Market Update: Spring 2026

The NYC market has been showing incredible strength. We’re seeing numerous properties spark bidding wars after one open house, with some areas commanding offers ~20% above asking price. While results vary by property, the city is undeniably leaning into a seller’s market.

To give you a small sampling of what this looks like in practice:

  • In Prospect Heights, I priced a home at $725K in line with comps and ultimately closed at $880K.
  • In Park Slope, a property listed at $2.25M recently traded for $2.65M; the top five offers were all cash.
  • Compared to last year, this quarter, I’ve had to employ more competitive strategies to win property on the UWS and UES. Co-ops that previously stayed on the market with price reductions are now seeing immediate multiple-offer interest.

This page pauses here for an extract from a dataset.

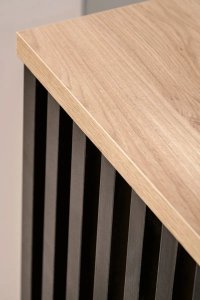 ASM Meble Komoda PEDRO hickory jackson/czarna ASM Meble 11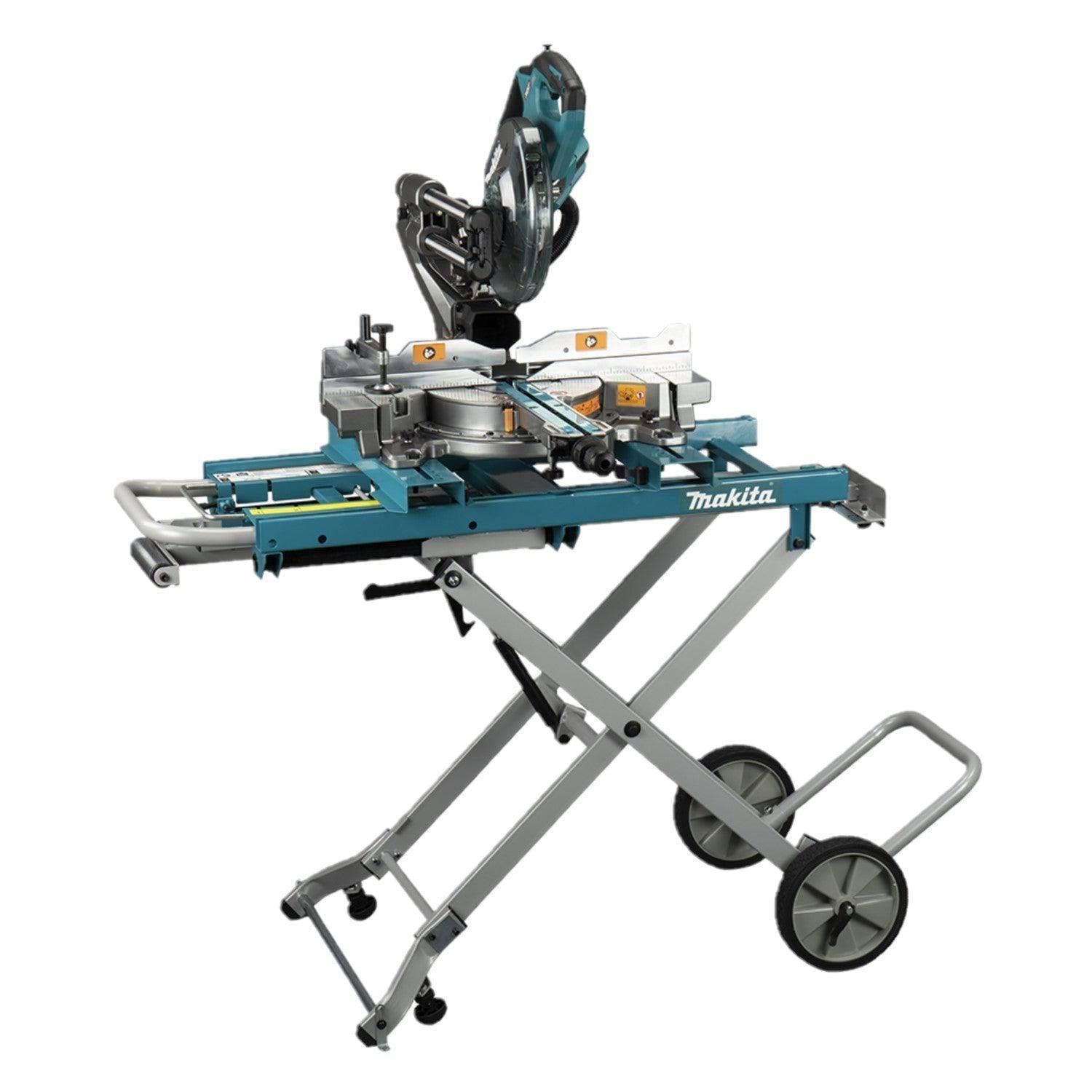 Makita LS002GZNL1 Accu Radiaal Afkortzaag 216mm AWS XGT 40V Max Basic Body   DEAWST05 Onderstel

It is an excellent time to list, provided the strategy is right. The golden rule still applies: overpricing leads to stagnation, while smart pricing creates the market fervor necessary to drive up value and secure the cleanest terms.

Interest Rates
It’s no surprise that rates are fluctuating in light of global events. Melissa Cohn, an experienced mortgage broker at William Raveis, recently shared this perspective:

“If you had asked me a week ago, I would have told you that rates would head lower this spring. Now that the war with Iran has begun and oil prices have skyrocketed, mortgage rates have followed suit… Where rates will go this spring will depend on the duration of the war and the impact of higher oil prices on the rate of inflation.”

More remains to be seen, but there are ways to negotiate your rate. Your exact mortgage interest rate depends on several factors, including loan size, repayment terms, credit score, and down payment amount. By adjusting these variables, you can negotiate and secure a more competitive rate.